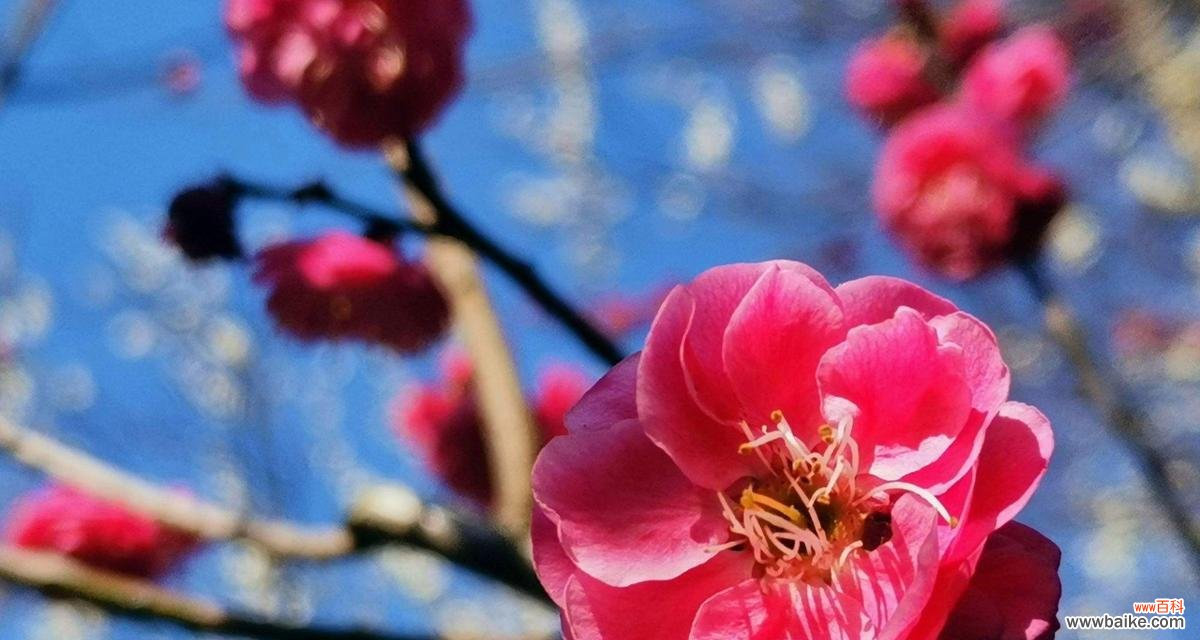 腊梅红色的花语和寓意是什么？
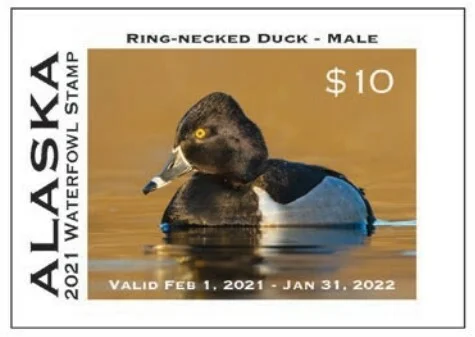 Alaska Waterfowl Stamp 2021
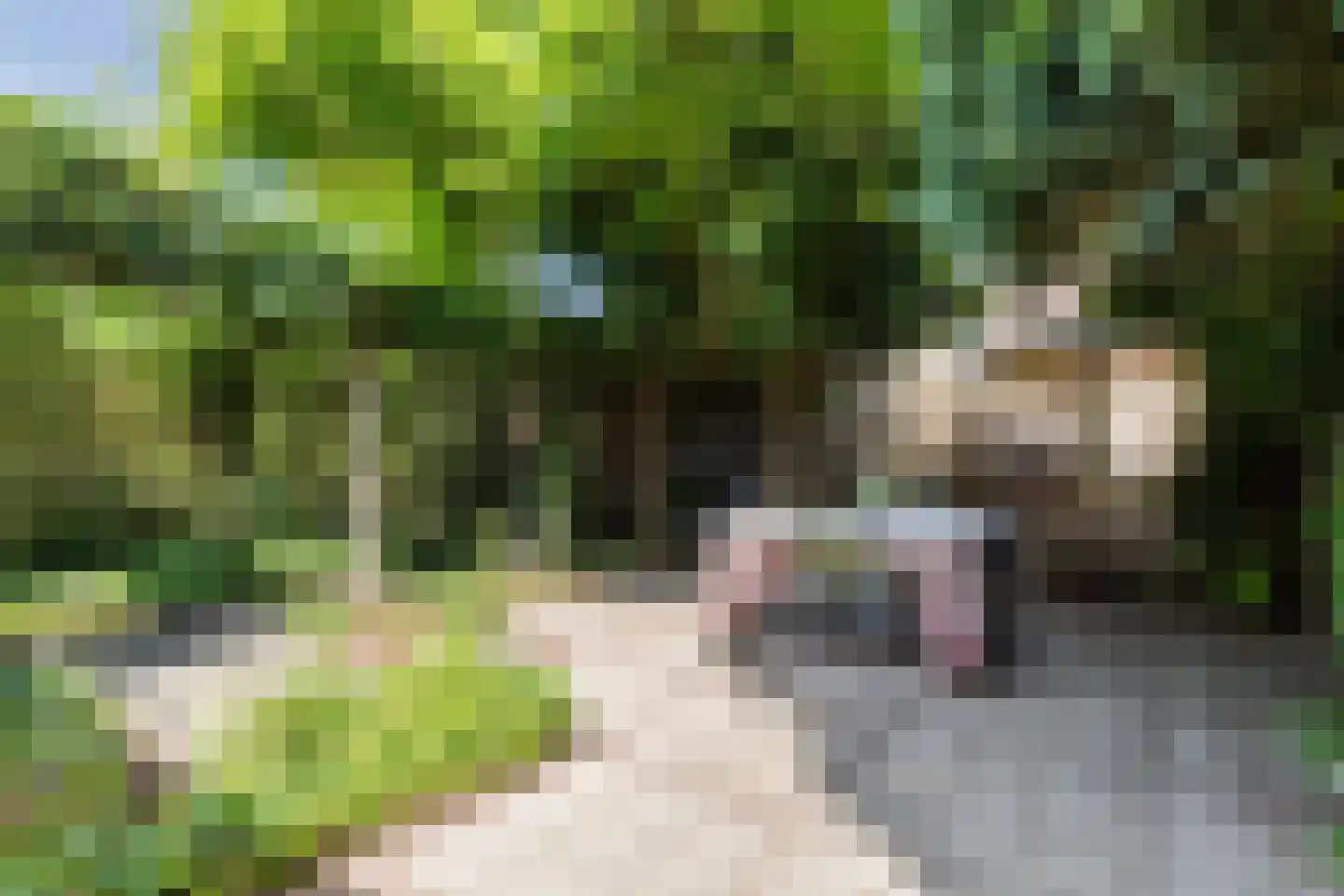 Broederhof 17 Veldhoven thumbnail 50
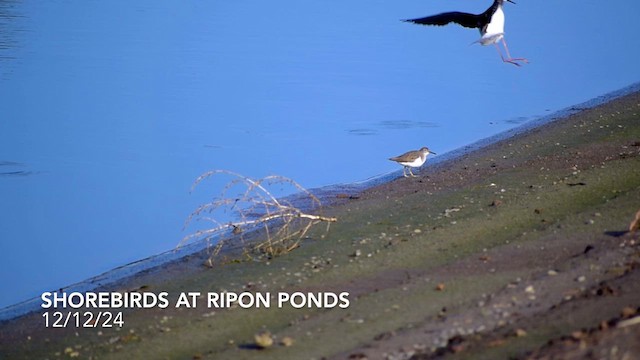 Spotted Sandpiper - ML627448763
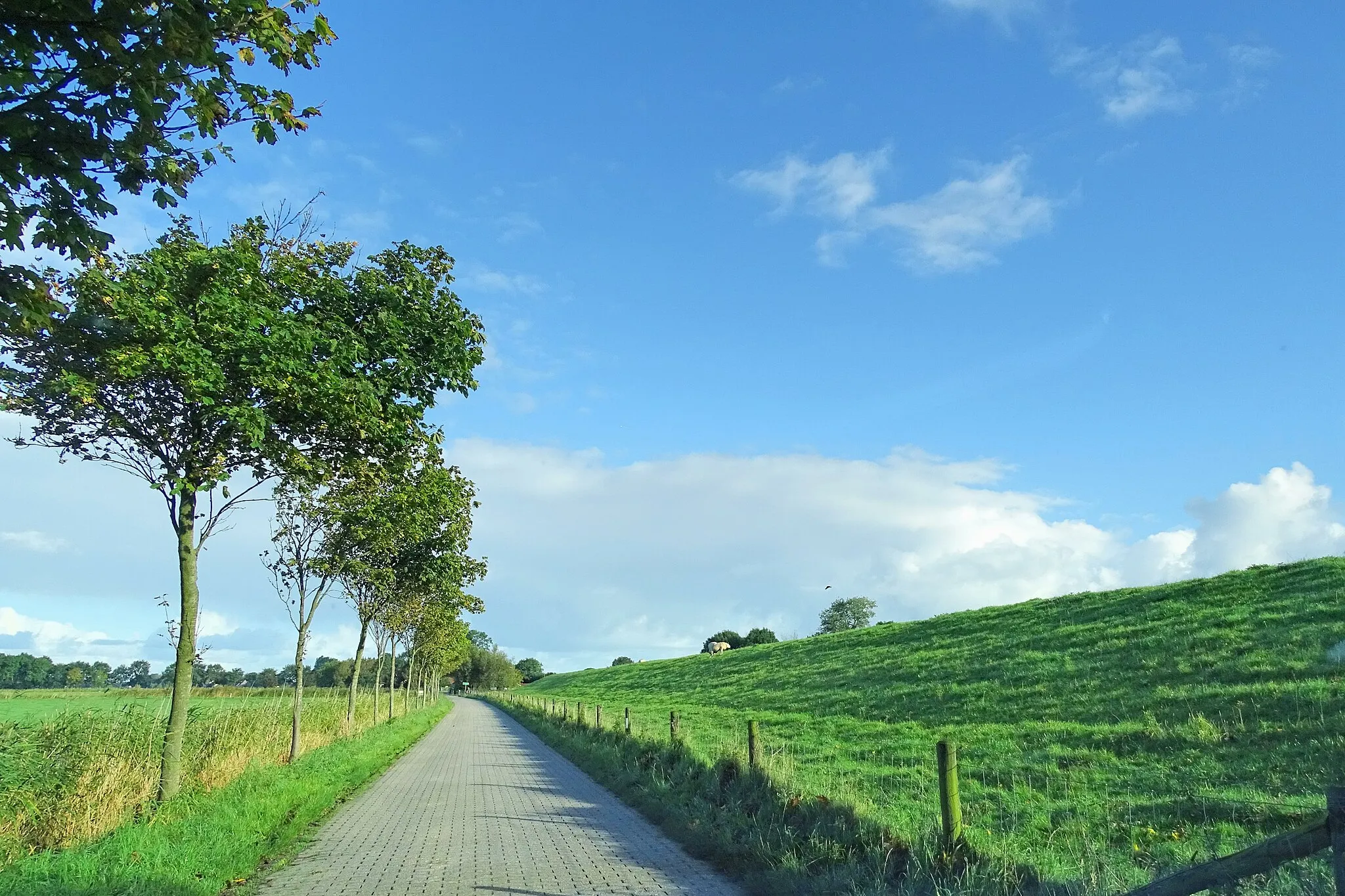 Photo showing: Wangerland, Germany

◇ ◇ ◇ ◇ ◇ ◇ ◇

● **PROBLEM REQUIREMENTS**
Every line from the one containing "Spotted Sandpiper - ML627448763" through the last line of the records is to be reproduced exactly, with pictures left out and nothing else given.

● **EXPECTED OUTPUT**
 Spotted Sandpiper - ML627448763
 Photo showing: Wangerland, Germany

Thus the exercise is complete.